Mohamed F, Marchettini P, Stuart O A, Yoo D, Sugarbaker P H
The Washington Cancer Institute, Washington Hospital Center, 110 Irving Street, NW, Washington, DC 20010, USA.
Eur J Surg Oncol. 2003 Apr;29(3):261-5. doi: 10.1053/ejso.2002.1397.
Intraperitoneal chemotherapy administration results in high drug concentration locally with low systemic toxicity. We compared the pharmacokinetics of paclitaxel infused intraperitoneally in two isotonic carrier solutions, 1.5% dextrose peritoneal dialysis solution (peritoneal dialysis solution) and hetastarch (6% hydroxyethyl starch), a high molecular weight solution.
Twenty patients with peritoneal carcinomatosis were randomized into one of two groups to receive early postoperative intraperitoneal chemotherapy with paclitaxel for 5 consecutive days following cytoreductive surgery. One group (8 patients) received paclitaxel in one litre of peritoneal dialysis solution; the other group (12 patients) received paclitaxel in one litre of hetastarch. Samples of peritoneal fluid and venous blood were taken during the 23 h dwell time. Volumes of chemotherapy solution were recorded and concentrations of paclitaxel determined by high performance liquid chromatography.

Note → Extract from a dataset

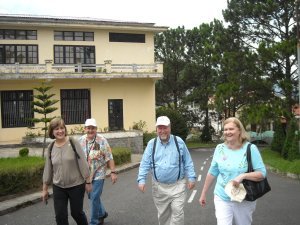Ruth, Johnny, Bob, and Barb arrive at the Dalat School campus climbing the long hill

Hetastarch clearance from the peritoneal cavity was reduced when compared to peritoneal dialysis solution. The mean volume of fluid remaining in the peritoneal cavity at 23 h was 900 ml +/-373.7 (SD) with hetastarch, and 285 ml (+/-157.5) with peritoneal dialysis solution (P=0.0022). The mean total amount of paclitaxel in the peritoneal cavity at 23 h was 2.597 mg (+/-1.57) with hetastarch and 0.772 mg (+/-0.667) with peritoneal dialysis solution (P=0.0152).
These data show that hetastarch increased the exposure of peritoneal surfaces to paclitaxel by increasing the volume of solution with no decrease in drug concentration. Residual tumour cells within the peritoneal cavity may show an increased response to paclitaxel with hetastarch as a carrier solution.
腹腔内化疗给药可使局部药物浓度升高,全身毒性降低。我们比较了在两种等渗载体溶液(1.5%葡萄糖腹膜透析液(腹膜透析液)和羟乙基淀粉(6%羟乙基淀粉),一种高分子量溶液)中腹腔内输注紫杉醇的药代动力学。
20例腹膜癌患者随机分为两组,在肿瘤细胞减灭术后连续5天接受术后早期腹腔内紫杉醇化疗。一组(8例患者)在1升腹膜透析液中接受紫杉醇;另一组(12例患者)在1升羟乙基淀粉中接受紫杉醇。在23小时的留置时间内采集腹腔液和静脉血样本。记录化疗溶液的体积,并通过高效液相色谱法测定紫杉醇的浓度。
与腹膜透析液相比,羟乙基淀粉从腹腔的清除率降低。23小时时腹腔内残留液体的平均体积,羟乙基淀粉组为900毫升±373.7(标准差),腹膜透析液组为285毫升(±157.5)(P = 0.0022)。23小时时腹腔内紫杉醇的平均总量,羟乙基淀粉组为2.597毫克(±1.57),腹膜透析液组为0.772毫克(±0.667)(P = 0.0152)。
这些数据表明,羟乙基淀粉通过增加溶液体积而不降低药物浓度,增加了腹腔表面对紫杉醇的暴露。以羟乙基淀粉作为载体溶液时,腹腔内残留的肿瘤细胞对紫杉醇的反应可能会增强。